WHAT TO DO
Reproduce, exactly and in full, the lines from the one with "After installing mysqlclient, you" through the one with "2) The solenoid" in the data below; drop pictures.

§ §

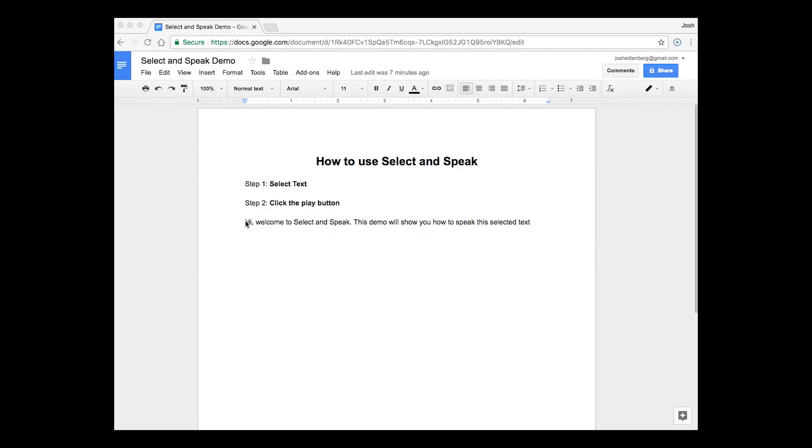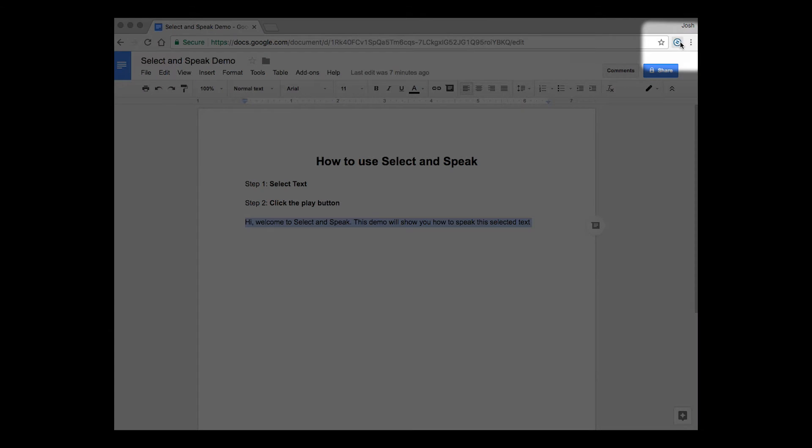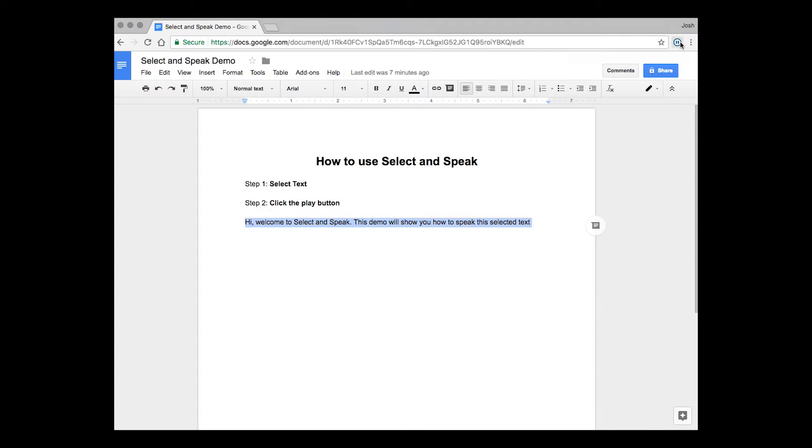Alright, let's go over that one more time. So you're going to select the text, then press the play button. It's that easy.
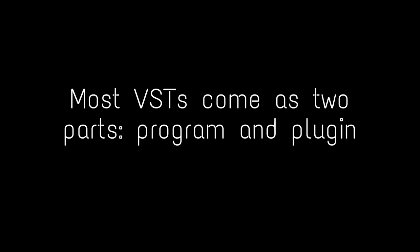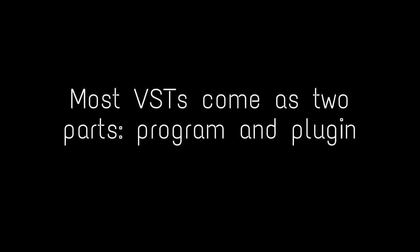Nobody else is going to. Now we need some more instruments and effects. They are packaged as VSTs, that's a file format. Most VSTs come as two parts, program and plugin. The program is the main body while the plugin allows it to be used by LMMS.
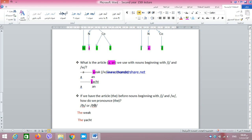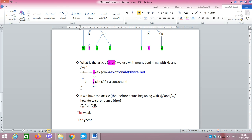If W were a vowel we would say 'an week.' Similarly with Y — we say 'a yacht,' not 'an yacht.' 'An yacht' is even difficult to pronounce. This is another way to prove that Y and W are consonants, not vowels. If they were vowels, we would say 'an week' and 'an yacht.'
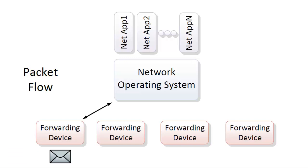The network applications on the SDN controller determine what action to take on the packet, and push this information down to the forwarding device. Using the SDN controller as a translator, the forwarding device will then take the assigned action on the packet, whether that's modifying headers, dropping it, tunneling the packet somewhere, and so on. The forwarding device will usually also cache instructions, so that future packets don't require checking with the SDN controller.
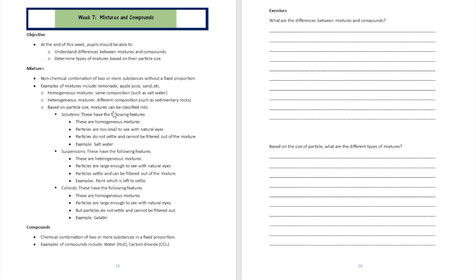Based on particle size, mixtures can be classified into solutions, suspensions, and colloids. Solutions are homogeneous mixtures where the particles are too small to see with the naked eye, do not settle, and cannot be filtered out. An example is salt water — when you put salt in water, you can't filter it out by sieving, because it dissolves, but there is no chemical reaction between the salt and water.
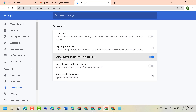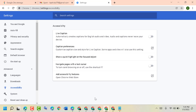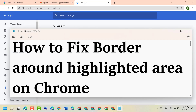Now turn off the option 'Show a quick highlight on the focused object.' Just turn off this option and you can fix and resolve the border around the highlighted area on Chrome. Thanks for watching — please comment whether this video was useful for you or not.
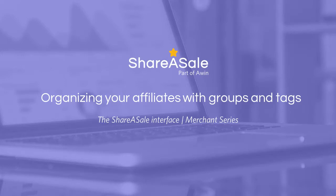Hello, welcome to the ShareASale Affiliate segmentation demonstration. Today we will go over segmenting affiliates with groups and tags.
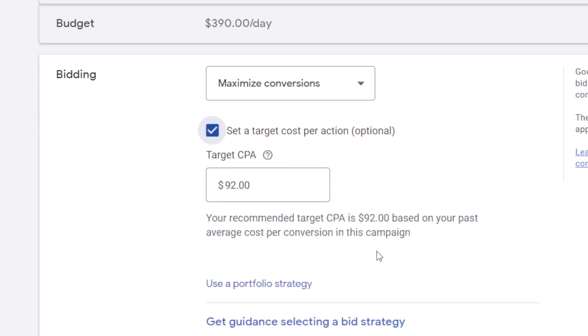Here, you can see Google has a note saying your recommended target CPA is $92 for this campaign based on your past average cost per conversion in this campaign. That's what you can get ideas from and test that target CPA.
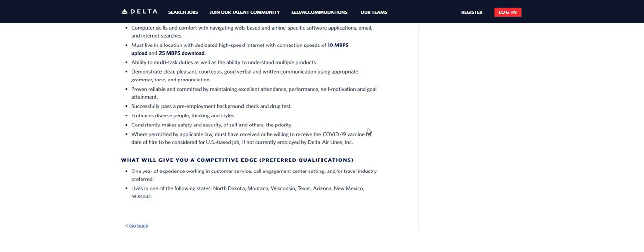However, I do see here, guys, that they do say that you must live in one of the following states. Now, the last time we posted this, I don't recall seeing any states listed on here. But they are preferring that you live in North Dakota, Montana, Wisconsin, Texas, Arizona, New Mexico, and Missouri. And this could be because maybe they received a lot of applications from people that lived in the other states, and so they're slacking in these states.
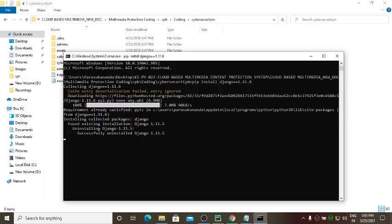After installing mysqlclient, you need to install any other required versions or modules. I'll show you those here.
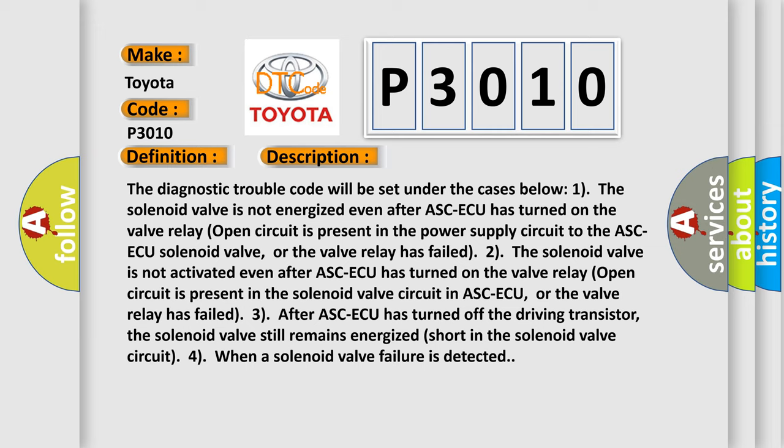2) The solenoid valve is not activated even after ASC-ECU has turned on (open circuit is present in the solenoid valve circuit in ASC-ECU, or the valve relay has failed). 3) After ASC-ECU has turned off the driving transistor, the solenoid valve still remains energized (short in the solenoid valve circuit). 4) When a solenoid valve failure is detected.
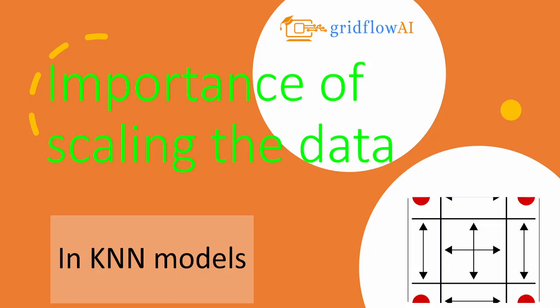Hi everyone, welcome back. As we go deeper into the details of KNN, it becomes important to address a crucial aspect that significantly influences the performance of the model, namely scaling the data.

§ §

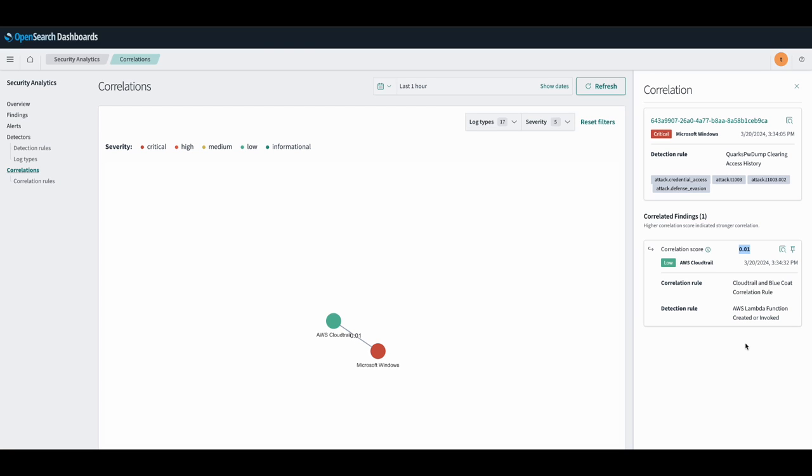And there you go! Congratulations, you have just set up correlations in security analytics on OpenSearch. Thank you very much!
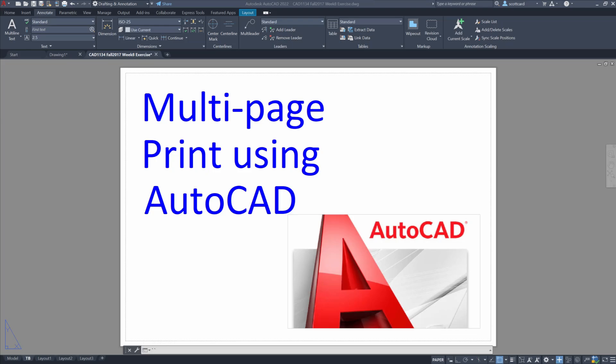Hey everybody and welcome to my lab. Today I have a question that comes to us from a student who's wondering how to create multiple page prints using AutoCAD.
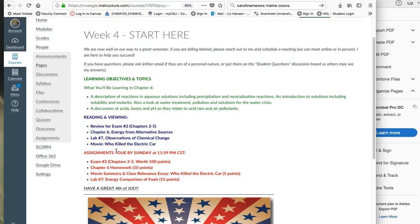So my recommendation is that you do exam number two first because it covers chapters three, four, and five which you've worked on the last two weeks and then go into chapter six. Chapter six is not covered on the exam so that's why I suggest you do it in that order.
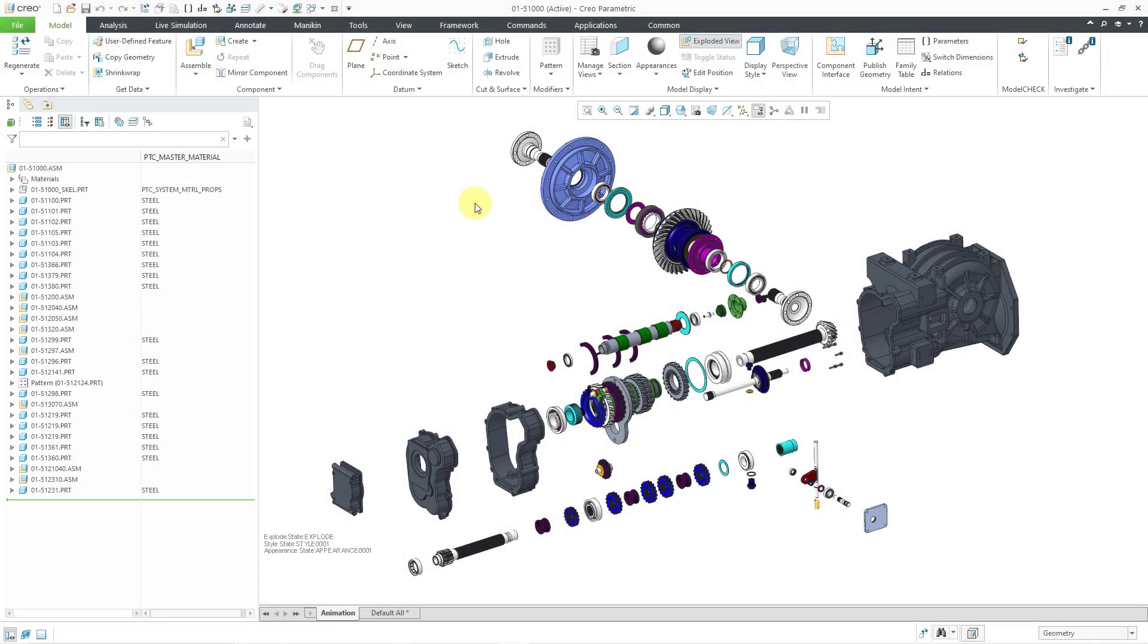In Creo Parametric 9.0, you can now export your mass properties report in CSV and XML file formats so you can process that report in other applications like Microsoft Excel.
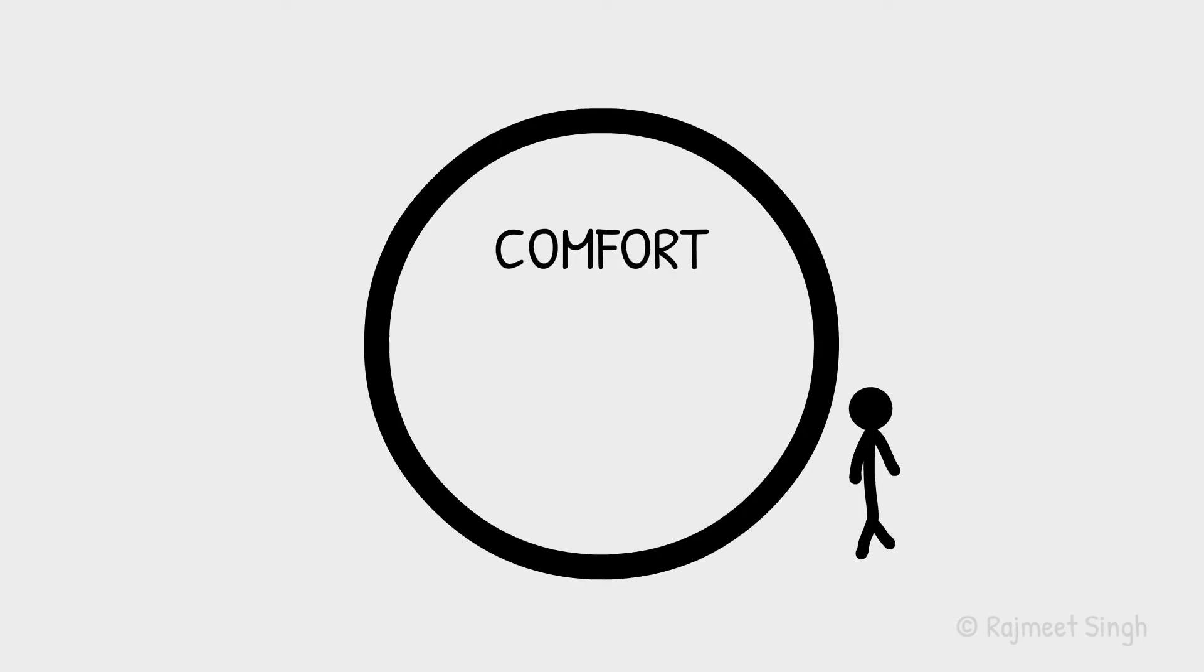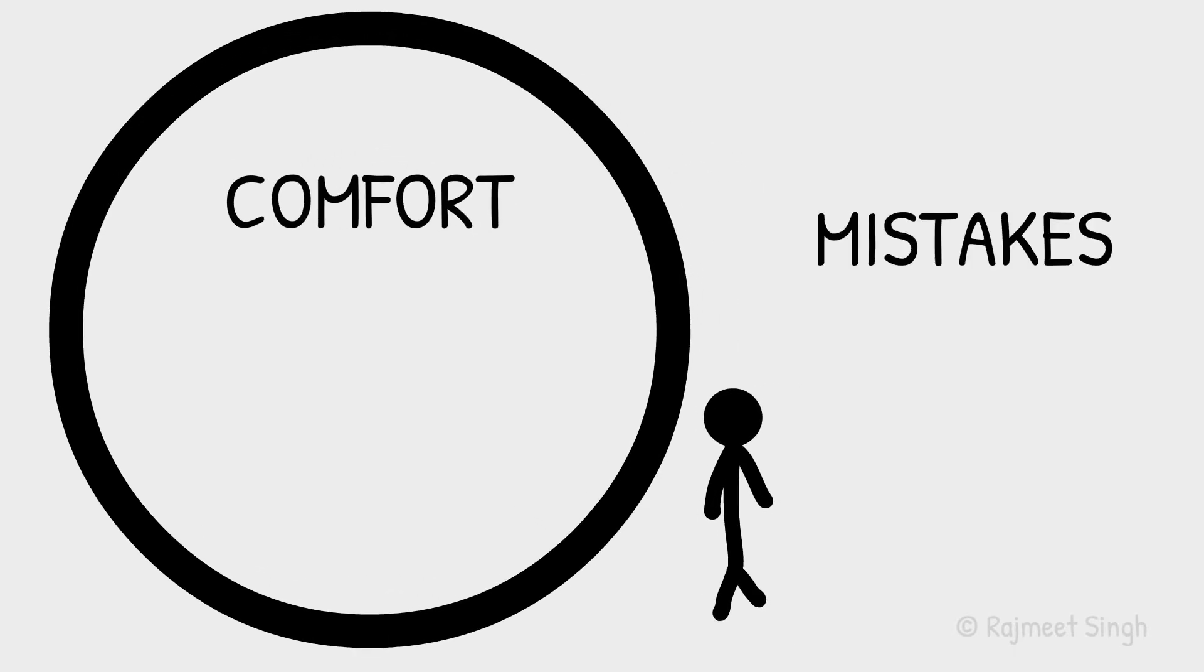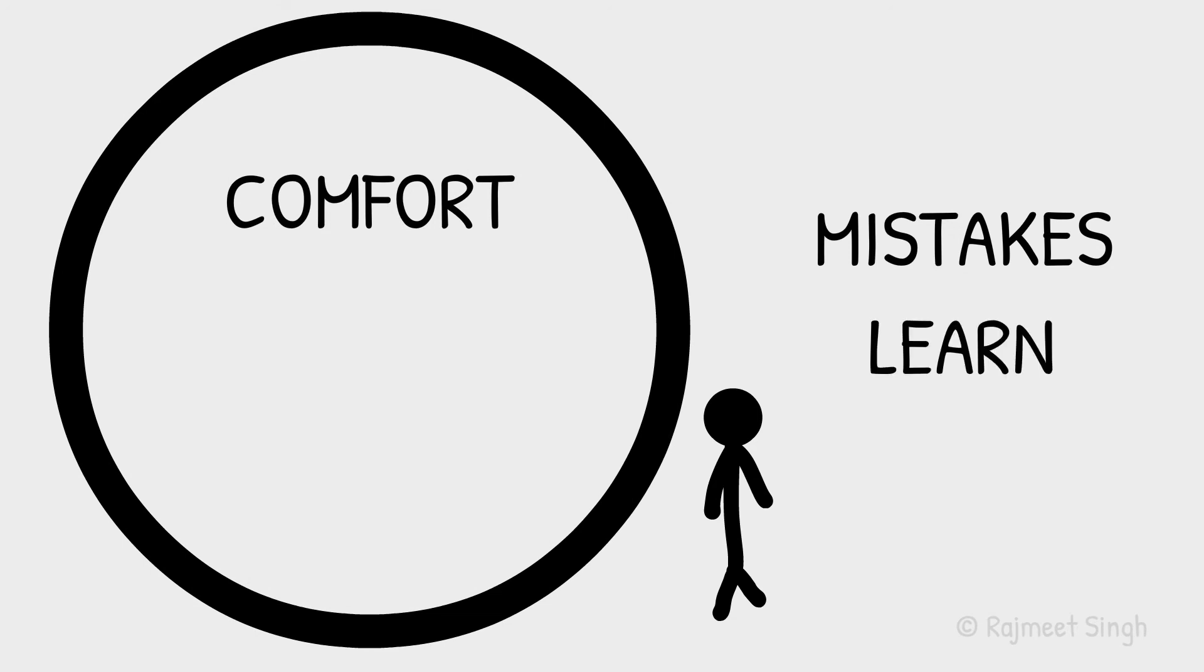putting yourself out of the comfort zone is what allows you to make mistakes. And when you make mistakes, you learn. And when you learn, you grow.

§ §

TASK ANSWER
After installing mysqlclient, you need to install any other required versions or modules. I'll show you those here.
2) The solenoid valve is not activated even after ASC-ECU has turned on (open circuit is present in the solenoid valve circuit in ASC-ECU, or the valve relay has failed). 3) After ASC-ECU has turned off the driving transistor, the solenoid valve still remains energized (short in the solenoid valve circuit). 4) When a solenoid valve failure is detected.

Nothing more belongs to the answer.